Lung cancer is one of the most common leading causes of global mortality with a 5-year survival rate of less than 18%. There are approximately 1.6-1.8 million new cases of lung cancer on an annual basis followed by 1.4 million deaths each year. Up to 80% of lung cancer cases are due to non-small cell lung cancers (NSCLC) which have subtypes including squamous cell carcinoma, large cell carcinoma and adenocarcinoma, the most common subtype. The remaining cases of lung cancer are due to small cell lung cancer. Patients with NSCLC have poor survival outcomes primarily due to the challenges of early detection, high risk of metastasis and the development of resistance to multiple therapies. This has led to poor prognosis and therefore, a deeper understanding of the molecular mechanisms to improve therapies is essential to improve the survival rate and prognosis of this disease.

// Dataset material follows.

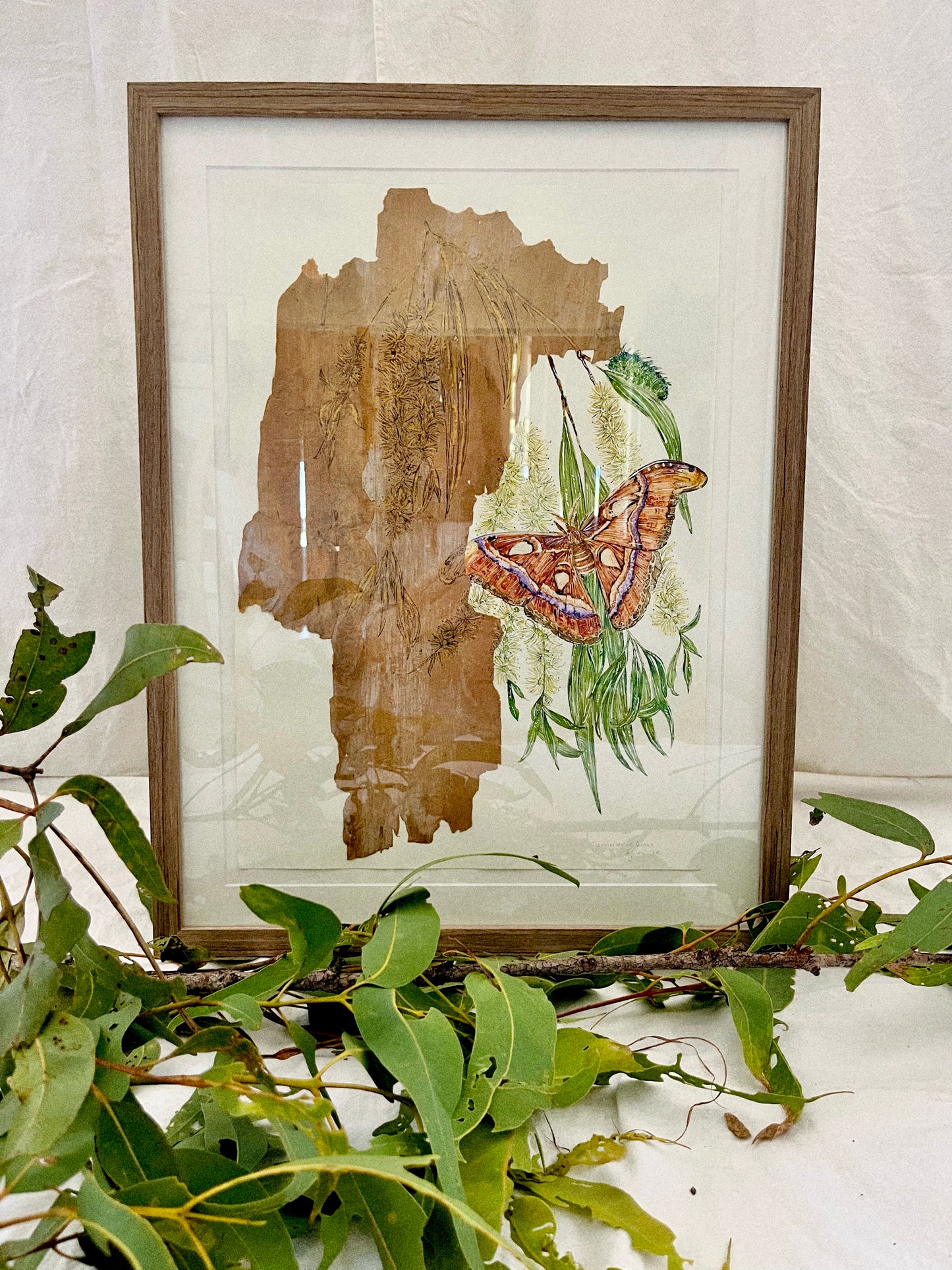 ‘Natural Transformations’ on Australian Paperbark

Over the years, there has been a continuous development in emerging therapies for the treatment of lung cancer, specifically using tyrosine kinase inhibitors. Epidermal growth factor receptor-tyrosine kinase inhibitor (EGFR-TKI) is currently understood to be the most significant treatment for NSCLC with EGFR mutations. There are currently three generations of approved EGFR TKIs known as first generation (gefitinib and erlotinib), second generation (afatinib), and third generation (osimertinib). However, these therapies may be associated with the development of drug resistance. Therefore, it is essential to better understand the genetic and nongenetic mechanisms associated with EGFR-TKI resistance in NSCLC and to use alternative therapies for an adequate treatment. Beyond EGFR mutations, it has been recommended the analysis of at least BRAF mutations, ALK and ROS1 gene fusions. Even in this setting of patients, the adoption of specific TKIs is associated with a significant improvement in clinical outcome. However, patients were later found to experience NSCLC progression due to drug resistance. Indeed, besides a diversity of genetic alterations associated with the (non) response to targeted therapies in NSCLC, it is increasingly recognized that tumor microenvironment may also shape specific tumor cell phenotypes prone to support long-term clinical relapse.

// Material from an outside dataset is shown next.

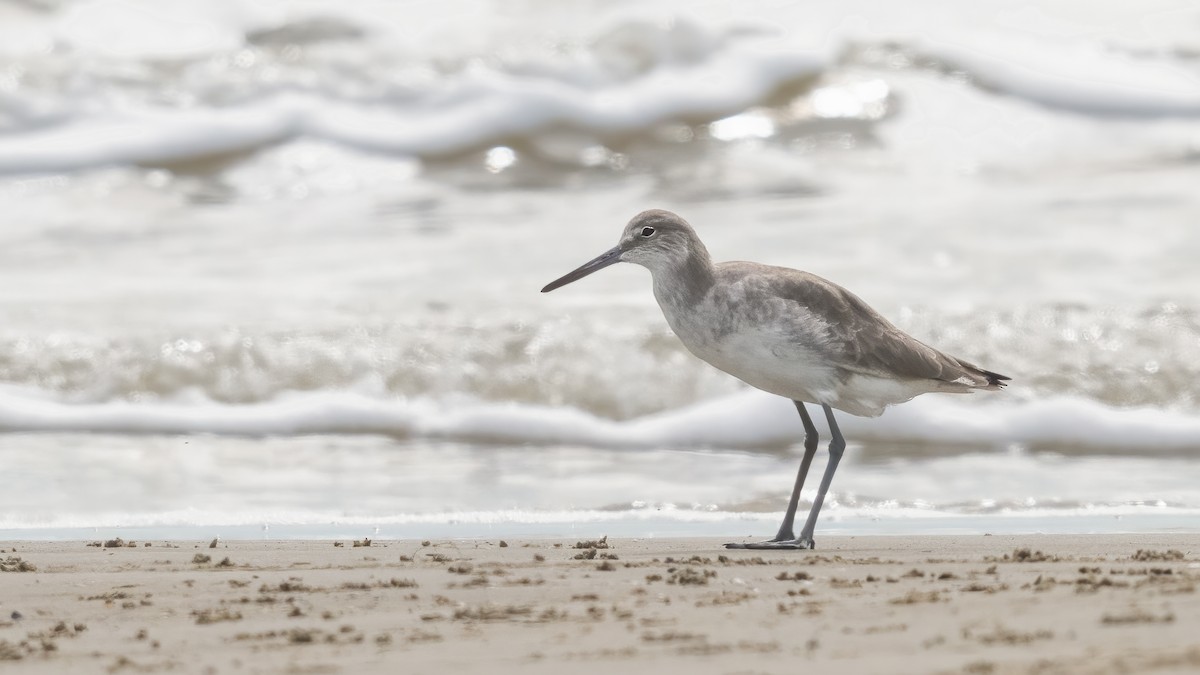 Willet - ML620770178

Treatment and therapies for lung cancer remain an emerging field which requires extensive research to develop effective therapies for lung cancer patients. The aim of this Research Topic is to explore the effects of anti-cancer drug therapies for lung cancer. Topics of interest include:
-Tyrosine kinase inhibitors for lung cancer and NSCLC
-Emerging drug therapies for lung cancer and NSCLC
-Effects of Sophoridine in the progression of lung tumors
-The effects of mutation on drug therapies
-Impact of drug resistance on lung cancer
-Molecular mechanisms supporting therapy resistance in lung cancer
Please note: manuscripts consisting solely of bioinformatics or computational analysis of public genomic or transcriptomic databases which are not accompanied by validation (independent cohort or biological validation in vitro or in vivo) are out of scope for this section and will not be accepted as part of this Research Topic.